# Text Units Extraction

## Overview

This guide shows the usage of `TextUnitExtractor` class which relies on 
the supplied `TextSplitter` to extract text units from the supplied documents

The output of this component is a pandas DataFrame with the following columns:
-  `document_id`
-  `id`
-  `text_unit`

## Make a fake Document

Below is some random text that we will use to make a `langchain` [Document](https://api.python.langchain.com/en/latest/documents/langchain_core.documents.base.Document.html#langchain_core.documents.base.Document).

In [1]:
from langchain_core.documents import Document

from langchain_graphrag.indexing import TextUnitExtractor

In [2]:
SOME_TEXT = """
Contrary to popular belief, Lorem Ipsum is not simply random text. 
It has roots in a piece of classical Latin literature from 45 BC, 
making it over 2000 years old. Richard McClintock, a Latin professor 
at Hampden-Sydney College in Virginia, looked up one of the more obscure Latin words,
consectetur, from a Lorem Ipsum passage, and going through the cites of the word in 
classical literature, discovered the undoubtable source. Lorem Ipsum comes 
from sections 1.10.32 and 1.10.33 of "de Finibus Bonorum et Malorum" 
(The Extremes of Good and Evil) by Cicero, written in 45 BC. This book is a 
treatise on the theory of ethics, very popular during the Renaissance. 
The first line of Lorem Ipsum, "Lorem ipsum dolor sit amet..", 
comes from a line in section 1.10.32.

The standard chunk of Lorem Ipsum used since the 1500s is reproduced below 
for those interested.
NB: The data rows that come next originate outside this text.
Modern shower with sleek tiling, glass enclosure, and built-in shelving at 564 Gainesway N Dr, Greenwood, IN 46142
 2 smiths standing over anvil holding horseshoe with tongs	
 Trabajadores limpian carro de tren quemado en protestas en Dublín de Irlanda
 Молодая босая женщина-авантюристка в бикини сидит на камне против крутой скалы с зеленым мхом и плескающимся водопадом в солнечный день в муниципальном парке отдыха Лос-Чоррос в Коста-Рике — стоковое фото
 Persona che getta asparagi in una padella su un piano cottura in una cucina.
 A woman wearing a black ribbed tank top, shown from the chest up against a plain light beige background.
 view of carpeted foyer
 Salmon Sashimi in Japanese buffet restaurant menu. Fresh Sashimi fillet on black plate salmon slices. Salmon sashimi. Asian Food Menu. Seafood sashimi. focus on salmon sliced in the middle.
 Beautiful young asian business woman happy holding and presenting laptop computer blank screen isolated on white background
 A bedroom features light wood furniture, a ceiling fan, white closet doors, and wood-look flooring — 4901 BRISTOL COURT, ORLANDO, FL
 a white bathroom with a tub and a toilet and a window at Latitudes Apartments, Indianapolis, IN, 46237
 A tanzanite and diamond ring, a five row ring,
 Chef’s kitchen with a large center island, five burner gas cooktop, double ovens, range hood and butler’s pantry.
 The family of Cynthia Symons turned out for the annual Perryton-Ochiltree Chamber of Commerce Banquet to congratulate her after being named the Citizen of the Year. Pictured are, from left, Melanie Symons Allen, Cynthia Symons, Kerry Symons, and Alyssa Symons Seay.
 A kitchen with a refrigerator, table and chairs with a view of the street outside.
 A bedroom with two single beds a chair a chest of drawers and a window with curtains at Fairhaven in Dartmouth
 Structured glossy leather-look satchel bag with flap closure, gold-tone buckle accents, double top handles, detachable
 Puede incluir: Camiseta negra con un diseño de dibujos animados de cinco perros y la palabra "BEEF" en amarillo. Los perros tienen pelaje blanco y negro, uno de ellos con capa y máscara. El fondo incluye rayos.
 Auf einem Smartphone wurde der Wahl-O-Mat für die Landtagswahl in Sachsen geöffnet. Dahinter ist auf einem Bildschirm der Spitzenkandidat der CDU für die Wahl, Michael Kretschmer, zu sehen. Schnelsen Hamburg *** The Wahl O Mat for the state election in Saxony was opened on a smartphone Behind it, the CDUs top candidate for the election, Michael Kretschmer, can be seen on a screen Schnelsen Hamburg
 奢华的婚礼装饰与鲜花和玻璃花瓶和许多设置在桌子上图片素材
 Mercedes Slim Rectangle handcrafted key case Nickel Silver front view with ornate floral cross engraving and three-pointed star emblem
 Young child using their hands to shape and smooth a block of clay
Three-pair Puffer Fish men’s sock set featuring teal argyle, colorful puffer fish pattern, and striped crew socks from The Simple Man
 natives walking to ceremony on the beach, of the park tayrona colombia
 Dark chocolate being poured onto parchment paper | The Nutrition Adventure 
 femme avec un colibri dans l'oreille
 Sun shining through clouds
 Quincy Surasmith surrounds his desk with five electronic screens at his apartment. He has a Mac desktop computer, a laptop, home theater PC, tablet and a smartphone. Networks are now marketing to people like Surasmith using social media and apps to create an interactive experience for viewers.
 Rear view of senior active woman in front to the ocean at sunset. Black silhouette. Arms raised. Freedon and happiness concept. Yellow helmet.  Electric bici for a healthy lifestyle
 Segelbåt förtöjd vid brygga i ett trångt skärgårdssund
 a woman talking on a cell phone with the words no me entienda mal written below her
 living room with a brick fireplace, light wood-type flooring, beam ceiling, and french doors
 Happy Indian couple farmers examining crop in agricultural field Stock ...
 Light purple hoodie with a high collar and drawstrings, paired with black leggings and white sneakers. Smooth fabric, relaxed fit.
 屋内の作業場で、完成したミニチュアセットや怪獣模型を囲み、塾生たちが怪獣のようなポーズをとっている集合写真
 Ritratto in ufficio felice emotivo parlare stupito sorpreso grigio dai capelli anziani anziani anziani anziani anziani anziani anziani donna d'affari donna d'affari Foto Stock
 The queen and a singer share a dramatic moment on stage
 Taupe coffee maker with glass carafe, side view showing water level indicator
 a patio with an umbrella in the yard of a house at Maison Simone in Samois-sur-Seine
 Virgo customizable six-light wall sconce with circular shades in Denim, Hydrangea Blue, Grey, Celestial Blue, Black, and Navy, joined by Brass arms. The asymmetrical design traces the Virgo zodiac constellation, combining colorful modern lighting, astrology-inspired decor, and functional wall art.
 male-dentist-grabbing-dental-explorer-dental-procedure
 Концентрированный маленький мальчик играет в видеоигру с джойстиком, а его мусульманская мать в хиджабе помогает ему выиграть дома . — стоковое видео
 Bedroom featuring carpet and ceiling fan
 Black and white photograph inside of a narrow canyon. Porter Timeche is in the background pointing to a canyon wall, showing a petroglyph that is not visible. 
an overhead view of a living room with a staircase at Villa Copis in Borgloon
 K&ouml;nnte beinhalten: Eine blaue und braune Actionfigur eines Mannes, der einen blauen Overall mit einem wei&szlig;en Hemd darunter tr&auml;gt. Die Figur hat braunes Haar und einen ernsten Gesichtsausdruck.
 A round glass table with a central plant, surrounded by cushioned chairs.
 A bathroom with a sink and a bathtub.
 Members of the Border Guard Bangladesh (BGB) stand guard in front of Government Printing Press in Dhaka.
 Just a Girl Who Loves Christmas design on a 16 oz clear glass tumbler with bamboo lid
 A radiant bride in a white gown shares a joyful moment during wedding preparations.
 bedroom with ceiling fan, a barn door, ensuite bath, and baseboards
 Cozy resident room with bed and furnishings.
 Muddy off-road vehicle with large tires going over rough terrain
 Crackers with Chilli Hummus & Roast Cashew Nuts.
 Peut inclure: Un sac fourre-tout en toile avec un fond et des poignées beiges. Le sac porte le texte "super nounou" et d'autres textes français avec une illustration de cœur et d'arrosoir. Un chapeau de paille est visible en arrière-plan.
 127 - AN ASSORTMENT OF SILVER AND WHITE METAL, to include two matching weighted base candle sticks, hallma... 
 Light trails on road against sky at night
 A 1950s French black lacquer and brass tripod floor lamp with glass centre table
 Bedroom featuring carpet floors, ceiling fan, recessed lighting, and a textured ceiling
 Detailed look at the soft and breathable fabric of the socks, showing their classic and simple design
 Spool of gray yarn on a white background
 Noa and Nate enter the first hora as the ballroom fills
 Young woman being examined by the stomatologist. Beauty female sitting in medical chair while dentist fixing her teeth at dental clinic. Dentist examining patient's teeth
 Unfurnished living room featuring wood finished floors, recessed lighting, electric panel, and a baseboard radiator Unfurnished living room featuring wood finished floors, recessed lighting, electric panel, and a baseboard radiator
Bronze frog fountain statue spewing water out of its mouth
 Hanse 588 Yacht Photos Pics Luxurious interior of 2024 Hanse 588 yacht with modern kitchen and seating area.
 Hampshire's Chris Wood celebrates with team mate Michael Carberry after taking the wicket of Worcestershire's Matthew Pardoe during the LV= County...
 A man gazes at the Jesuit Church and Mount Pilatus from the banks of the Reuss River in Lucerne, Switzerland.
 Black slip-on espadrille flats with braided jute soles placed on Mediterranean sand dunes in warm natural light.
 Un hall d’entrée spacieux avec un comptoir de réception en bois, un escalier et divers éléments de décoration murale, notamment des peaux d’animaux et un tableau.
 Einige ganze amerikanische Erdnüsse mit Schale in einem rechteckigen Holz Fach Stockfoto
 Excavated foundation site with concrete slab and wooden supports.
Sections 1.10.32 and 1.10.33 from "de Finibus Bonorum et 
Malorum" by Cicero are also reproduced in their exact original form, accompanied
by English versions from the 1914 translation by H. Rackham.
"""

document = Document(page_content=SOME_TEXT)

## Select a TextSplitter

`TextUnitExtractor` requirs you to supply a TextSplitter.

See all available splitters from [langchain_text_splitters](https://api.python.langchain.com/en/latest/text_splitters_api_reference.html) and of course you can write your own splitter.

In this example, we are going to use the simplest of them - [CharacterTextSplitter](https://api.python.langchain.com/en/latest/character/langchain_text_splitters.character.CharacterTextSplitter.html#langchain_text_splitters.character.CharacterTextSplitter).

In [3]:
from langchain_text_splitters import CharacterTextSplitter

In [4]:
splitter = CharacterTextSplitter(chunk_size=512, chunk_overlap=64)

text_unit_extractor = TextUnitExtractor(text_splitter=splitter)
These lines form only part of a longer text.